[WORK TASK] Beginning with the line containing "adidas Originals Santiago", transcribe every line exactly down to the last one in the records below, and drop the pictures.

BEGIN INFORMATION SHOWN

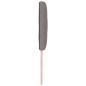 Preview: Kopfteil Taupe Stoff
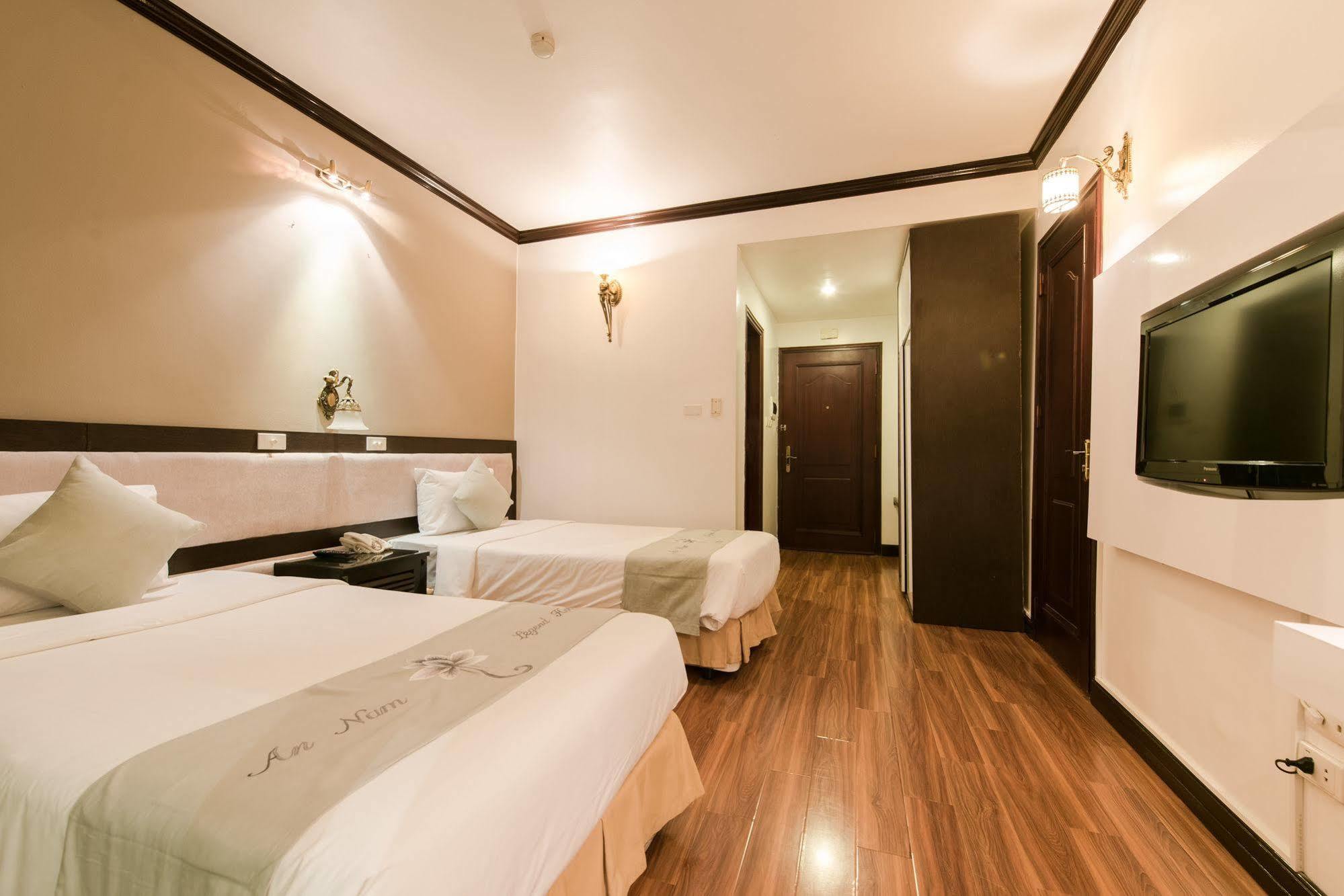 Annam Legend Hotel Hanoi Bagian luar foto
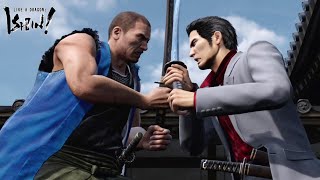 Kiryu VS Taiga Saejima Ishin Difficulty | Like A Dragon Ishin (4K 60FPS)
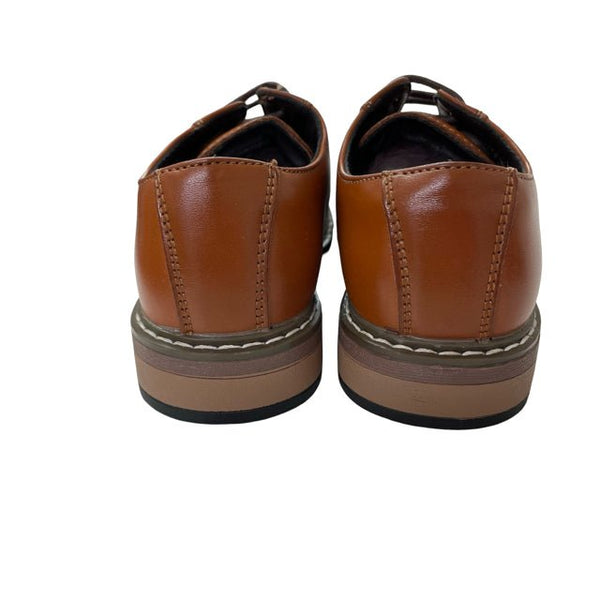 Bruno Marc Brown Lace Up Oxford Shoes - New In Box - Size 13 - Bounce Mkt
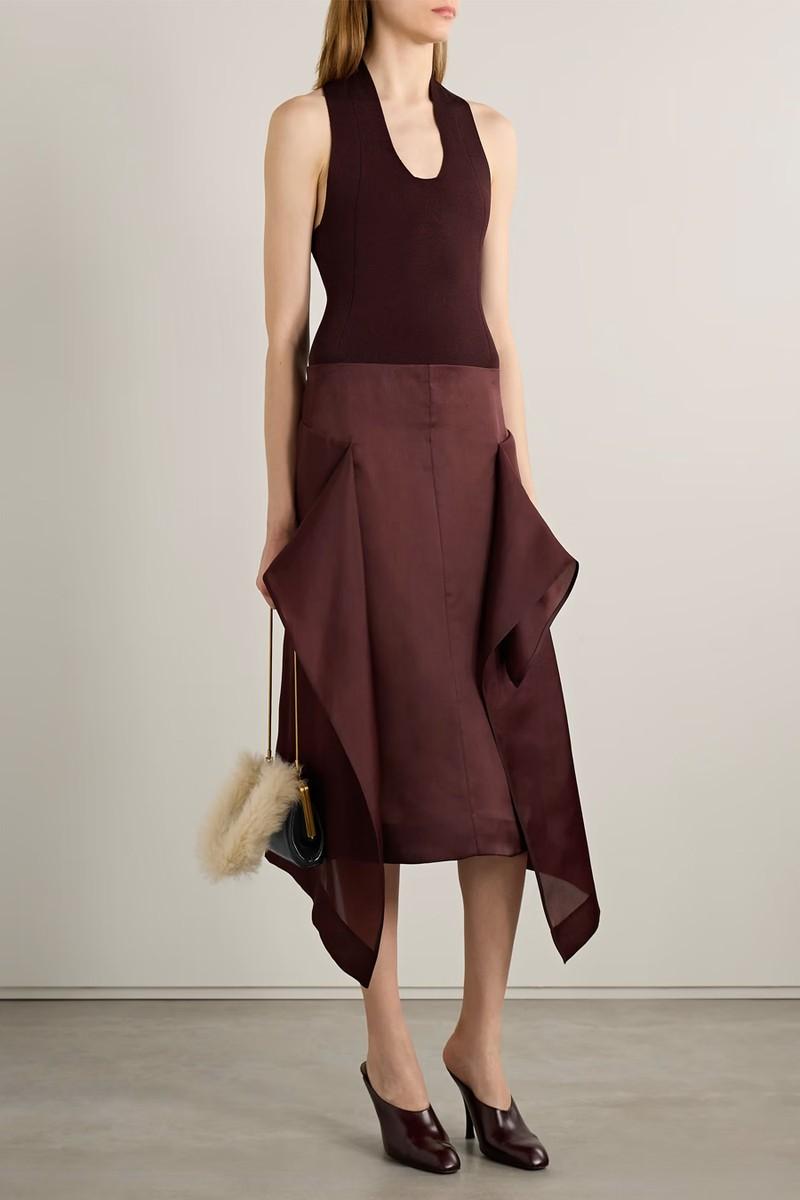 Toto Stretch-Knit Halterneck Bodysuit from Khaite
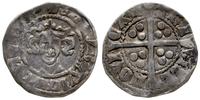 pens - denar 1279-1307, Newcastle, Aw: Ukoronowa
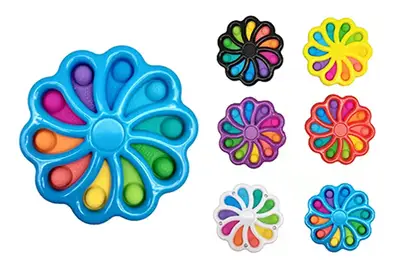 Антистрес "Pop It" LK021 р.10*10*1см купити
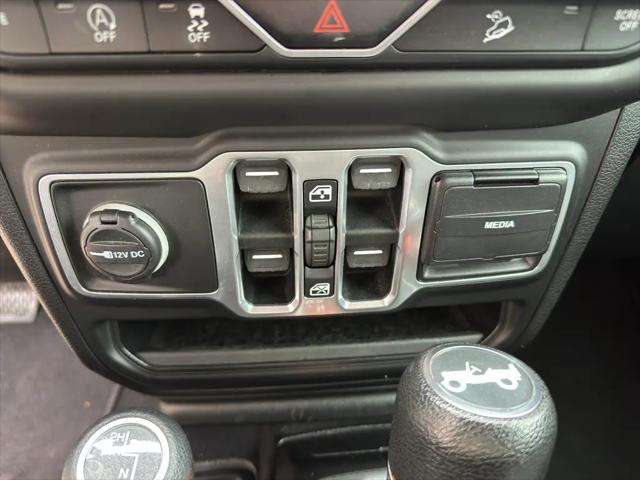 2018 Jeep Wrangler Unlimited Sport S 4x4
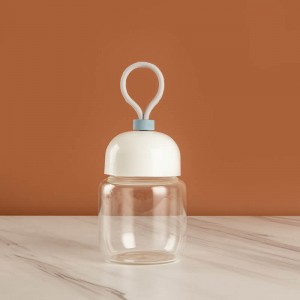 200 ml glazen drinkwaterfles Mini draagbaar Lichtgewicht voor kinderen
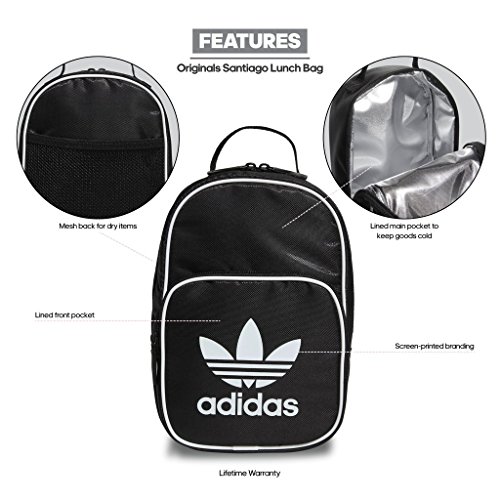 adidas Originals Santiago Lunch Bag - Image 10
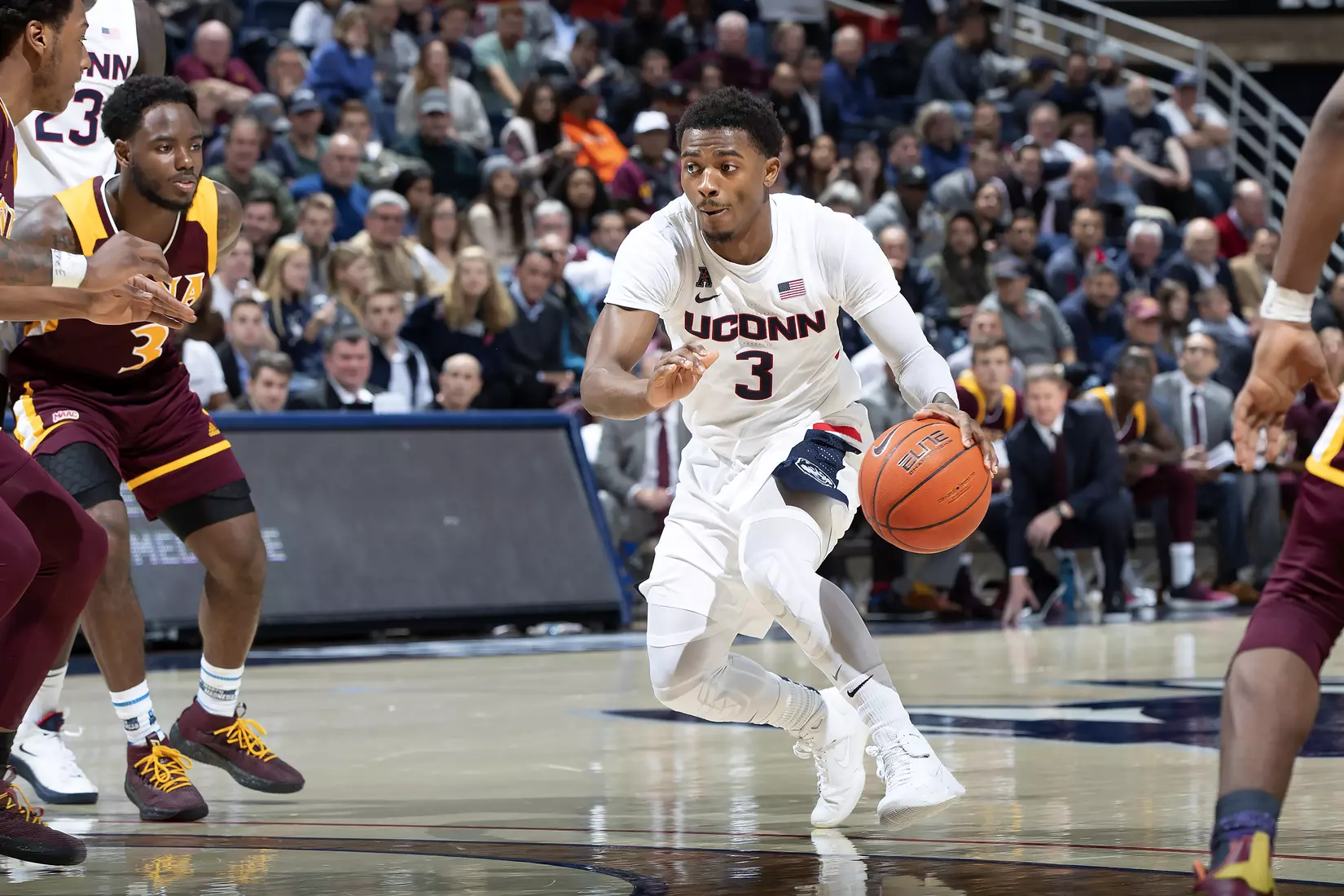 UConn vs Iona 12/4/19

END INFORMATION SHOWN

[ANSWER SPACE]
 adidas Originals Santiago Lunch Bag - Image 10
 UConn vs Iona 12/4/19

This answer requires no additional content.